((

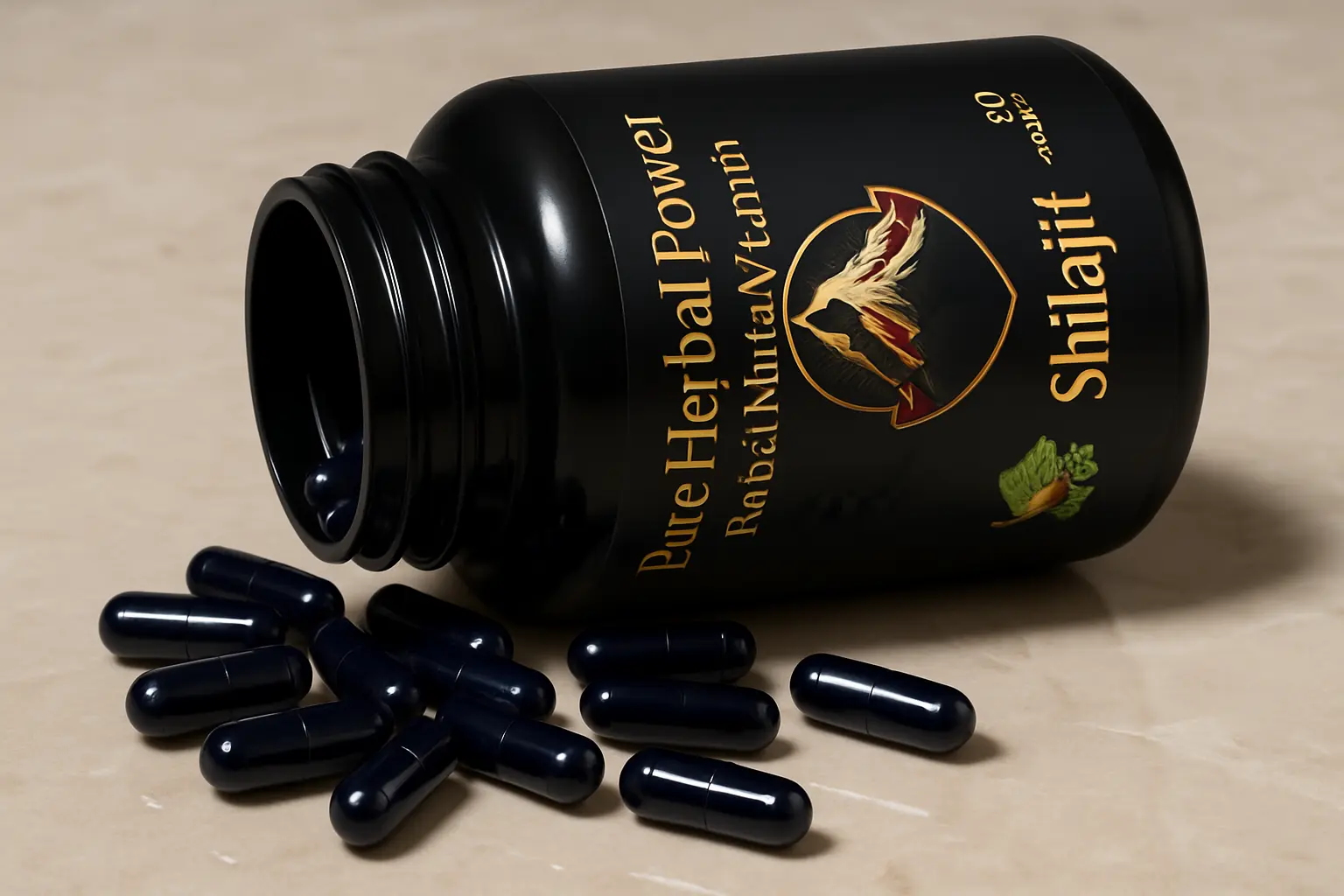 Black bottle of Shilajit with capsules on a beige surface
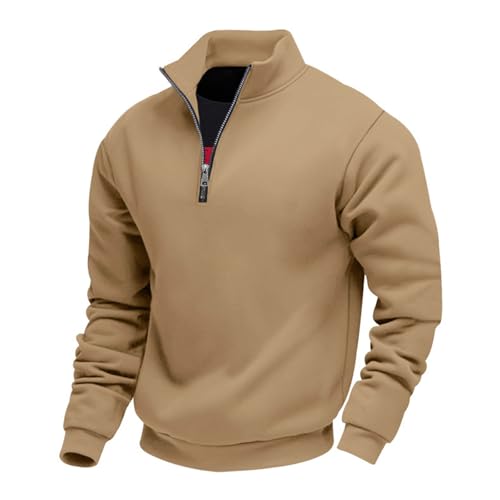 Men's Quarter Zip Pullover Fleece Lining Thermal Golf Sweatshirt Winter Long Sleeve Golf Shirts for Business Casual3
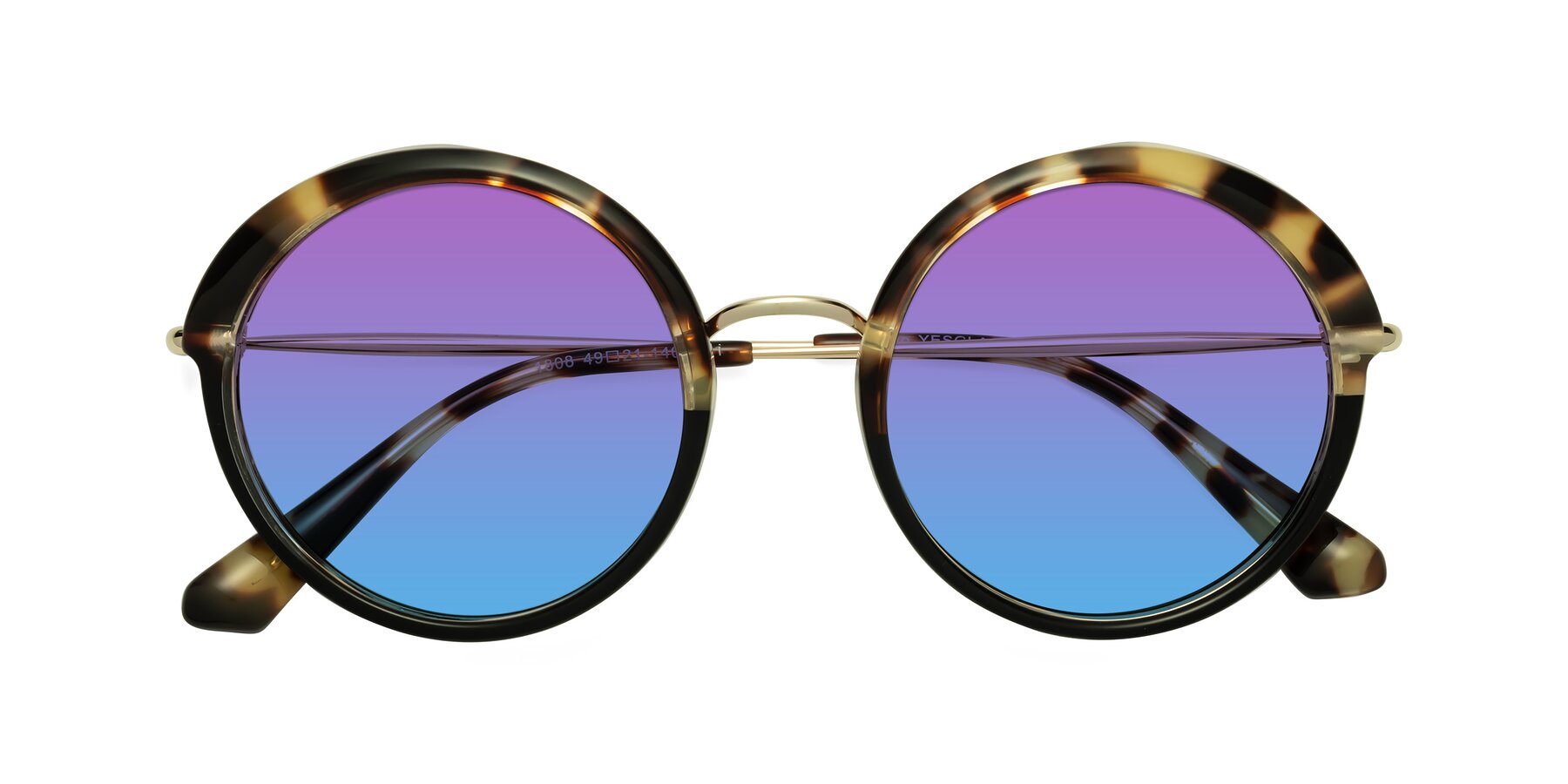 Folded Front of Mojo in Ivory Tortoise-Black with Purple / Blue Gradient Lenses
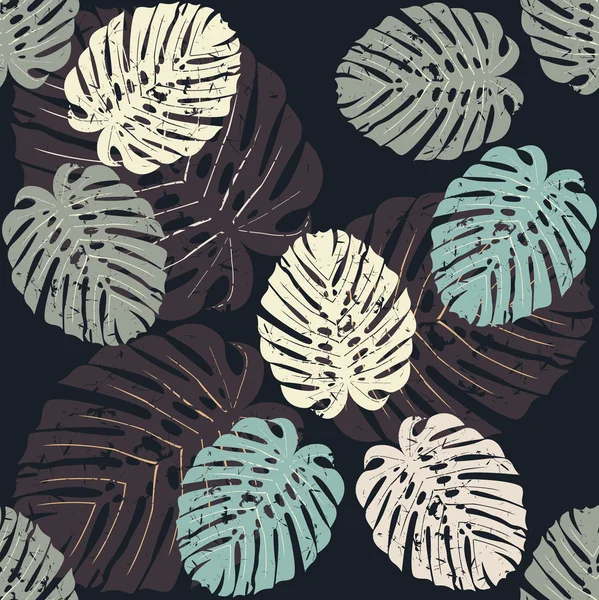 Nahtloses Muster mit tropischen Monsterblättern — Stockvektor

))

When you return the listing, keep it exact and omit any pictures it holds.

**Output**.
 Black bottle of Shilajit with capsules on a beige surface
 Men's Quarter Zip Pullover Fleece Lining Thermal Golf Sweatshirt Winter Long Sleeve Golf Shirts for Business Casual3
 Folded Front of Mojo in Ivory Tortoise-Black with Purple / Blue Gradient Lenses
 Nahtloses Muster mit tropischen Monsterblättern — Stockvektor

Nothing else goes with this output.